How is Machine Learning helping to develop TB drugs?
Many biologists use machine learning (ML) as a computational tool to analyze a massive amount of data, helping them to recognise potential new drugs. MIT researchers have now integrated a new feature into these types of machine learning algorithms, enhancing their prediction-making ability.
Using this new tool allows computer models to account for uncertainty in the data they are testing, MIT researchers detected several promising components that target a protein required by the bacteria that cause tuberculosis (TB).
Although computer scientists previously used this technique, they have not taken off in biology. “It could also prove useful in protein design and many other fields of biology,” says the Simons Professor of Mathematics and head of the Computation and Biology group in MIT’s Computer Science and Artificial Intelligence Laboratory (CSAIL) Bonnie Berger.
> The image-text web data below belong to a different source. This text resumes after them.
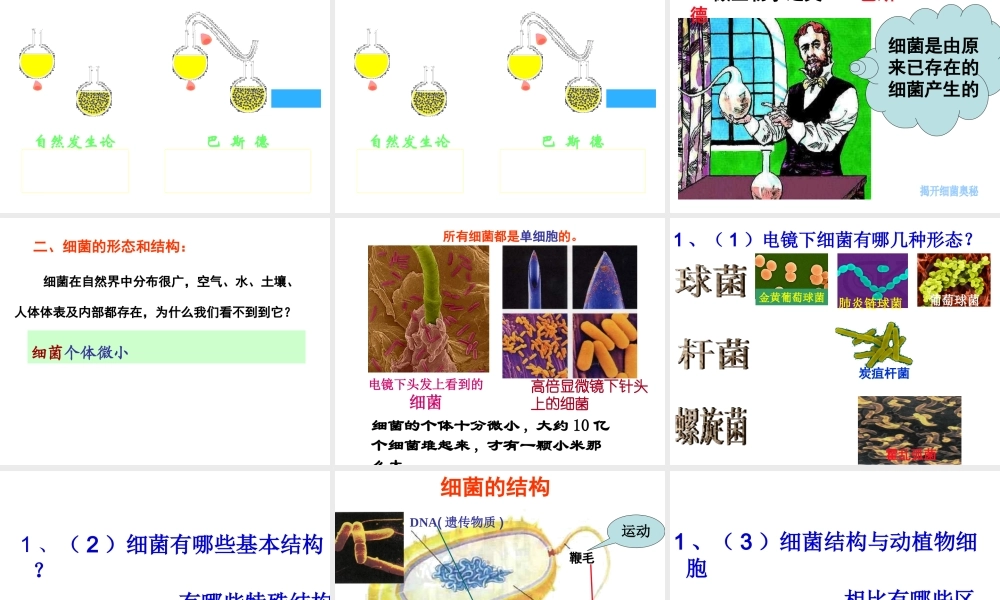 八年级生物上册 5.4.2《细菌》课件5 （新版）新人教版-（新版）新人教级上册生物课件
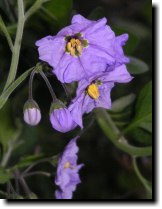 [ purple nightshade, blue witch ]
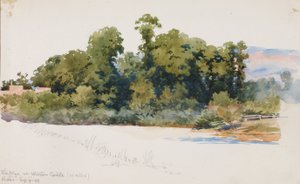 Der Wye bei Wilton Castle (Wales)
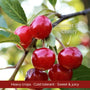 Patio Cherry Tree Trained Fruit Trees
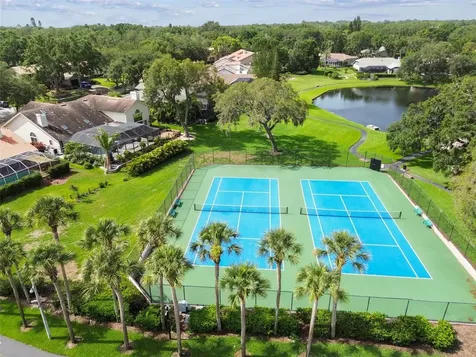 2194 Pinnacle Circle N Palm Harbor FL 34684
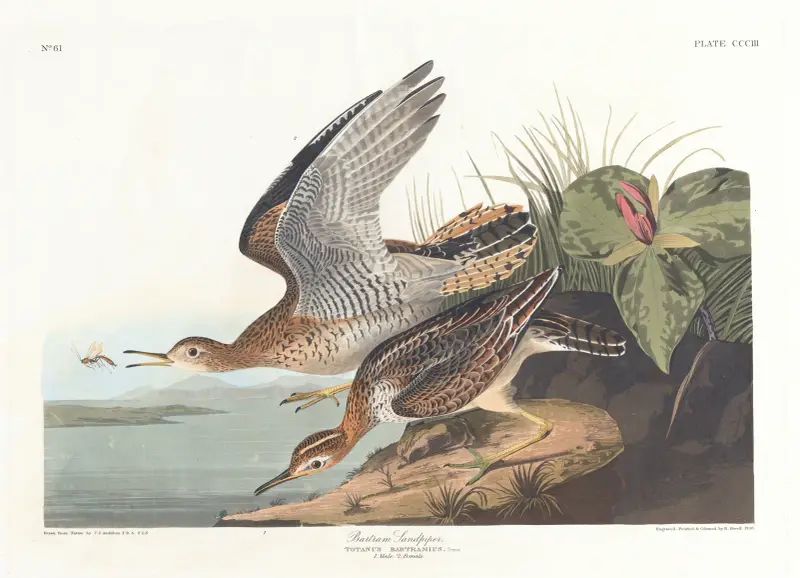 Biegus Bartrama, John James Audubon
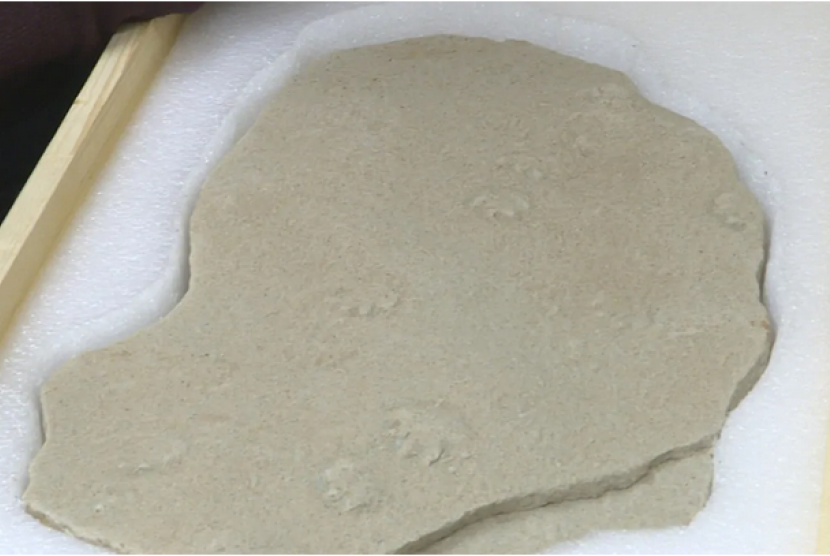 Pasangan suami istri menyerahkan fosil berusia 300 juta tahun kepada PEI Museum dan Heritage Foundation.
“This method is part of a known subfield of machine learning, but people have not brought it to biology,” states Berger. “It is a paradigm shift and is absolutely how biological exploration should be done.”
Assistant Professor of biological engineering at MIT and a member of the Ragon Institute of MGH, MIT, and Harvard, Bryan Bryson and Berger are the senior authors of the study that appears today in Cell Systems. Brian Hie, an MIT graduate student, is the paper’s lead author.
ML is a type of computer modeling in which an algorithm learns to predict based on data that it has already seen. In the past few years, biologists have begun machine learning to scour vast databases of potential drug compounds to find molecules that interact with specific targets.
The only limitation of this technique is that the algorithms perform well when the data they’re examining is similar to their training. Algorithms are not significantly superior at evaluating molecules that are very different from those they have already seen.
The researchers applied a method called the Gaussian process to assign uncertainty values to the data that the algorithms are trained on to overcome the obstacle. When the models are analyzing the training data that way, they also consider how reliable those predictions are.
For instance, if the data go into the model, it predicts how strongly a particular molecule binds to a target protein and the uncertainty of those predictions. The model can use that information to predict protein-target interactions that it hasn’t seen before. This model also forecasts the certainty of its predictions. While analyzing new data, the model’s predictions may have lower certainty for molecules different from the training data. This information can help researchers to decide which molecules to analyse experimentally.
Another advantage of this method is that algorithm requires only a tiny amount of training data. In the study, the MIT team trained the model with a dataset of 72 small molecules and their interactions with over 400 proteins called protein kinases. After that, they could use this algorithm to analyze roughly 11,000 small molecules which they took from the ZINC database. It’s a publicly available repository that consists of millions of chemical compounds. Many of these molecules were different from those in the training data.
The researchers identified molecules using this approach with powerful predicted binding affinities for the protein kinases they put into the model. These included three human kinases and one kinase called PknB found in Mycobacterium tuberculosis. This kinase is critical for the bacteria to survive, but any frontline TB antibiotics do not target it.
The researchers also used the same training data to train a traditional ML algorithm that does not integrate uncertainty and test the same 11,000 molecule library. Hie says, “The model gets horribly confused without uncertainty, and it proposes peculiar chemical structures as interacting with the kinases.”
A Good Starting Point
Another significant element of this method is that once the researchers get additional experimental data, they can add it to the model and retain it, further enhancing the predictions. Even a tiny amount of data can help the model get better.
Hie says, “You don’t really need enormous datasets on iteration. You can retrain the model with maybe ten new examples, which a biologist can quickly generate.”
Bryson says this study is the first to propose new molecules that can target PknB and provide drug developers with a good starting point to develop drugs that target the kinase. “We’ve provided them with some new leads beyond what has been already published.”
MIT researchers also showed that they could use this same type of machine learning to stimulate a green fluorescent protein’s fluorescent output. It is commonly used to label molecules inside living cells. Berger is now using it to analyze mutations that drive tumor development. “It could also be used for other types of biological studies,” he says.